• TASK PROMPT: Comb through the entries for "Equipment" and pull out each line that holds it.

══ DATA PROVIDED ══

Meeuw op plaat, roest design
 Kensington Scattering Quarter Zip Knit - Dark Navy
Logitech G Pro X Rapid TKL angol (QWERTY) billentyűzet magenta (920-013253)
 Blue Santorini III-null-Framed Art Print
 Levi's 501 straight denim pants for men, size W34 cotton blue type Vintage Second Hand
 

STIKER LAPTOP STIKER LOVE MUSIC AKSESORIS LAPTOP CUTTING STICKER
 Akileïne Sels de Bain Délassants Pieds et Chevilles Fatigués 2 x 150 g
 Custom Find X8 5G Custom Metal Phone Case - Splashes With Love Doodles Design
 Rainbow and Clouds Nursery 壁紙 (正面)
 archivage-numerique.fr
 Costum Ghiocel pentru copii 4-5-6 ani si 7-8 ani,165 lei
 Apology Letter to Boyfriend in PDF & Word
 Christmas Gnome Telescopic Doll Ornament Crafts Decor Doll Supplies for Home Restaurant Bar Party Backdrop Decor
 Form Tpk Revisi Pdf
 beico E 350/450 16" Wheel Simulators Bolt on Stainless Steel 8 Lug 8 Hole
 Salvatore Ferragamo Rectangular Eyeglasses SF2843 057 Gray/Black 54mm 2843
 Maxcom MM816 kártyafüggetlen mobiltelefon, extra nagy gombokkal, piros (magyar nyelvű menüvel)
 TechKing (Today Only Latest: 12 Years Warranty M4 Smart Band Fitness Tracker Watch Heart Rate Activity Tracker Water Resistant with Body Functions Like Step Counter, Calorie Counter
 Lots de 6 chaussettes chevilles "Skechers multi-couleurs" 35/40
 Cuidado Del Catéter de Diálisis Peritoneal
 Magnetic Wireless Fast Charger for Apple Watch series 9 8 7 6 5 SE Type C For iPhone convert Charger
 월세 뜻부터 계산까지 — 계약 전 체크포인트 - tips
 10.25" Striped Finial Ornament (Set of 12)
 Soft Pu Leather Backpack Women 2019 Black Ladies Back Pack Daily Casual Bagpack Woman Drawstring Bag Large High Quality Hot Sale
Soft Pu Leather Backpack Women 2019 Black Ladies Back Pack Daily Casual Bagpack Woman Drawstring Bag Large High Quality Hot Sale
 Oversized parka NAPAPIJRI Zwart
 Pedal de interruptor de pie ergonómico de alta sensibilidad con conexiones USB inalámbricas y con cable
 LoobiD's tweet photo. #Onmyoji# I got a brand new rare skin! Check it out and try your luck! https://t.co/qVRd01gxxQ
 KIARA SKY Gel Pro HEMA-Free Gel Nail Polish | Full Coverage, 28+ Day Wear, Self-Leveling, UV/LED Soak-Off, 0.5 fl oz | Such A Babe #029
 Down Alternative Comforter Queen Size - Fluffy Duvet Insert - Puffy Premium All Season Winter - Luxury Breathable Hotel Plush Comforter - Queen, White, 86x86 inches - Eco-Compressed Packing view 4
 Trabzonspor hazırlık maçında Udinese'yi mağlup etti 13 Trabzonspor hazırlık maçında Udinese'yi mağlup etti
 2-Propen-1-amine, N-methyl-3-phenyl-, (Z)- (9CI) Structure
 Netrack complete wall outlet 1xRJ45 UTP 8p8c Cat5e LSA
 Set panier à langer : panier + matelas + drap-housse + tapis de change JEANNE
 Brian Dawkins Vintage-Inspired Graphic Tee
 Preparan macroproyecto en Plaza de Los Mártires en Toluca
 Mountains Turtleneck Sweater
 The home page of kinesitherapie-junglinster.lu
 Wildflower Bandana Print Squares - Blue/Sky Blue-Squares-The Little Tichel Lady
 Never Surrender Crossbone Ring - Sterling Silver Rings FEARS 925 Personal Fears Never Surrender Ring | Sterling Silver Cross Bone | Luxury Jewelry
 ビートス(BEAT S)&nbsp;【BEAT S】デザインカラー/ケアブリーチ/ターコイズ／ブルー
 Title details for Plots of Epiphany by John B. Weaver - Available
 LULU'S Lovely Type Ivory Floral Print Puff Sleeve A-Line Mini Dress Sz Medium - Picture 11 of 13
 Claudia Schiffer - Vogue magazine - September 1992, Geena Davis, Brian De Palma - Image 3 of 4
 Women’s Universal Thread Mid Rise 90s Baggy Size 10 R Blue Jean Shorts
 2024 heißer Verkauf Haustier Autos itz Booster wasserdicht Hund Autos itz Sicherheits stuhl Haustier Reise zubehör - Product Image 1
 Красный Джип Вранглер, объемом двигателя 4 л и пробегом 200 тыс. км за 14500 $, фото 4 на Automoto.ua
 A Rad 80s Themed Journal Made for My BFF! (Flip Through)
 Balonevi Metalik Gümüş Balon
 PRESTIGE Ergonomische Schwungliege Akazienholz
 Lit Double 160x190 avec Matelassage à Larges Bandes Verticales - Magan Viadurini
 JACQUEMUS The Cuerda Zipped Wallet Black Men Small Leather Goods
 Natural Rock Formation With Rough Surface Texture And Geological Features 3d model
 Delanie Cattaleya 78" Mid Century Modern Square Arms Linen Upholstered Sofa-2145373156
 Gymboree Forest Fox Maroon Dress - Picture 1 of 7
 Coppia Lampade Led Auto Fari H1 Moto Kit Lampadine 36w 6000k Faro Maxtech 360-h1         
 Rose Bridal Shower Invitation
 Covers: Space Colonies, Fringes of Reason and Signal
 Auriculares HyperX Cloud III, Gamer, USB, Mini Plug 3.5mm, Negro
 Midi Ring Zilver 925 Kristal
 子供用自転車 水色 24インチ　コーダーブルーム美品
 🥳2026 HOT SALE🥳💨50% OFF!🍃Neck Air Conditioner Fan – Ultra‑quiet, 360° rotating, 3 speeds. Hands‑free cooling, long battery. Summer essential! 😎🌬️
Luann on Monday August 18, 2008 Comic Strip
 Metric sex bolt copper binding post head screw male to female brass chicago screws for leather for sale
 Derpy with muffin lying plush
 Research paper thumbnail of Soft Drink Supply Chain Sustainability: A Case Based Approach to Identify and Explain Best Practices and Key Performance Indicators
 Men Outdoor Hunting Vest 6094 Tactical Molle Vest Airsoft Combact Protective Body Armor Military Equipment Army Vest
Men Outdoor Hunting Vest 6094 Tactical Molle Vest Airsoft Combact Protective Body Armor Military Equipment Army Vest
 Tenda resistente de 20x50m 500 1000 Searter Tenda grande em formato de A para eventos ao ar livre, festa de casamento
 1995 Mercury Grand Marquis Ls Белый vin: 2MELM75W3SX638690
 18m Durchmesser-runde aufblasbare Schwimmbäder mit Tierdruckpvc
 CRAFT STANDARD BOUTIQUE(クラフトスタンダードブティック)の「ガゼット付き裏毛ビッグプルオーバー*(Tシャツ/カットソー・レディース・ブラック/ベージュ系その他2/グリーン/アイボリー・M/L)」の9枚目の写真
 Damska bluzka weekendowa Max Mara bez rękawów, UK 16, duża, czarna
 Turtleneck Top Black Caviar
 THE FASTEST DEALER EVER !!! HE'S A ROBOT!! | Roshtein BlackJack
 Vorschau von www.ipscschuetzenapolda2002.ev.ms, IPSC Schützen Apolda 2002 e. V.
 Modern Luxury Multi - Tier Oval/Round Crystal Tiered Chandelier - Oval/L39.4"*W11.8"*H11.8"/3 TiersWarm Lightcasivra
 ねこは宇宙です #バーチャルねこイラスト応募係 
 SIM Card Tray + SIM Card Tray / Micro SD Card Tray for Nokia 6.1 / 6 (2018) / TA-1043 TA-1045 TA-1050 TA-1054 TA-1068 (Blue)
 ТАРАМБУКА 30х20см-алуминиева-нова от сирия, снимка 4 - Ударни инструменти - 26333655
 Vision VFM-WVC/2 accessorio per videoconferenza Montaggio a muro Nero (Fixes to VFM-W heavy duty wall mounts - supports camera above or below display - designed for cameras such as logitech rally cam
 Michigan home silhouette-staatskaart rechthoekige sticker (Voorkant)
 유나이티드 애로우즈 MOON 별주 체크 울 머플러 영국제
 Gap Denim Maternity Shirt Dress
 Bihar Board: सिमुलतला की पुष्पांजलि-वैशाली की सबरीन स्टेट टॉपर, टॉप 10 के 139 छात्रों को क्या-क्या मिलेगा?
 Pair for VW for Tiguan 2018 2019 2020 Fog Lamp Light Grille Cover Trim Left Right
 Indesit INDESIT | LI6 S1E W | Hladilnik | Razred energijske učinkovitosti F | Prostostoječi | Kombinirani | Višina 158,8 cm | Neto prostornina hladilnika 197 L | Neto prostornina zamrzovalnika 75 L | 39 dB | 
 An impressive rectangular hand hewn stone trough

═══

• RESULT:
 Men Outdoor Hunting Vest 6094 Tactical Molle Vest Airsoft Combact Protective Body Armor Military Equipment Army Vest
Men Outdoor Hunting Vest 6094 Tactical Molle Vest Airsoft Combact Protective Body Armor Military Equipment Army Vest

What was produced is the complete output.